“Bu gece hiç vakit kaybetmeden Kerh'in harabelerine git. Beşinci tepede oturup, yerde; “Bismillah, şeyh Abdulkadir’in niyetine, diyerek bir daire çiz. İyice karanlık basınca oradan çeşitli kılıktaki cinler sana görünüp geçecekler. Seher vakti olunca büyük bir debdebe ve tantana içinde onların kralları beraberinde birçok cin olduğu halde gelecek. Sana ne istediğini soracak. Ona, beni Abdulkadir gönderdi, diyerek kızının durumunu anlatırsın."
Bu tavsiye üzerine dediği yere gittim, bana tembih ettiklerini bir bir yaptım... İyice karanlık basınca baktım ki; korkunç manzaralı cinler bölük bölük gelmeye başladılar, fakat çizmiş olduğum daireden içeri giremedikleri için bana yaklaşamadılar. Neden sonra kralları büyük bir debdebe ve tantana içinde geldi ve “Ne istiyorsun söyle bakalım ?" dedi. Beni sana şeyh Abdulkadir gönderdi, dedim. Abdulkadir’in ismini duyunca hemen attan indi, yeri öptü. Yanındakilerle birlikte dairenin dışında oturdu ve sordu;
“Söyle bakalım benimle ne işin var?" dedi. Kendisine başımdan geçenleri anlatınca hemen yanındakilere;
-“Bunu hanginiz yaptı? Bunu kim yaptı?” diye çıkıştı.

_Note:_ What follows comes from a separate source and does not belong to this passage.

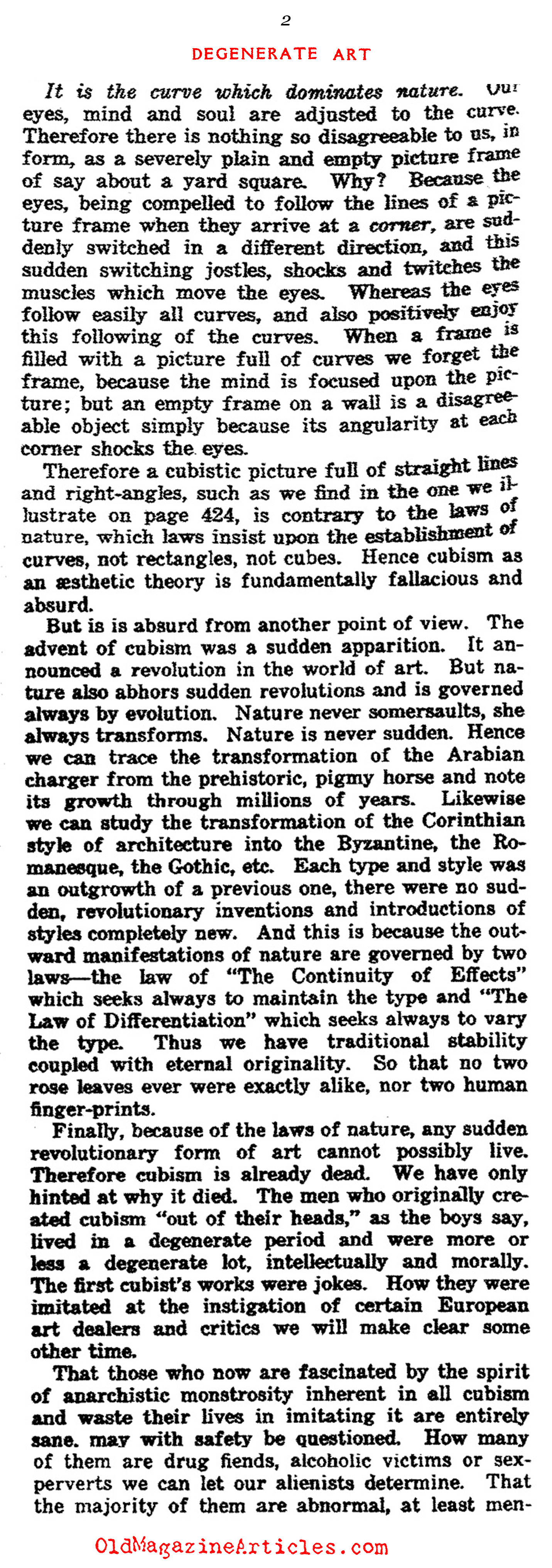 Cubism: A Degenerate Work of Art (The Art World, 1917)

-“Bilmiyoruz kimin yaptığını.” dediler.
-“Mutlaka biriniz yapmıştır bu işi!” diye bağırınca, “Mârid” adında bir cin, kızı yanına alarak meydana çıktı. “İşte ben kaçırdım kızı” dedi.
-“Neden yaptın ey “Marid” bu işi?” dedi.
-“Kız gayet güzeldi. Güzelliğine dayanamayıp ona aşık oldum da onun için kaçırdım, dedi. Bunun üzerine hemen;
-“Vurun şunun boynunu!" dedi ve bana kızımı teslim etti. Kendisine;
-“Bugüne kadar, senin gibi Abdulkadir’in emrine candan imtisal eden birini görmedim, deyince;
-“Bu nasıl olmasın ki; O, her gece evinden bakar, cinleri seyreder, cinler onu görünce korkularından sağa sola kaçışırlar. Allah (Celle Celalühü) sevdiği bir kulun emrine insanlardan ve cinlerden birçoklarını verir...” diye mukabele etti.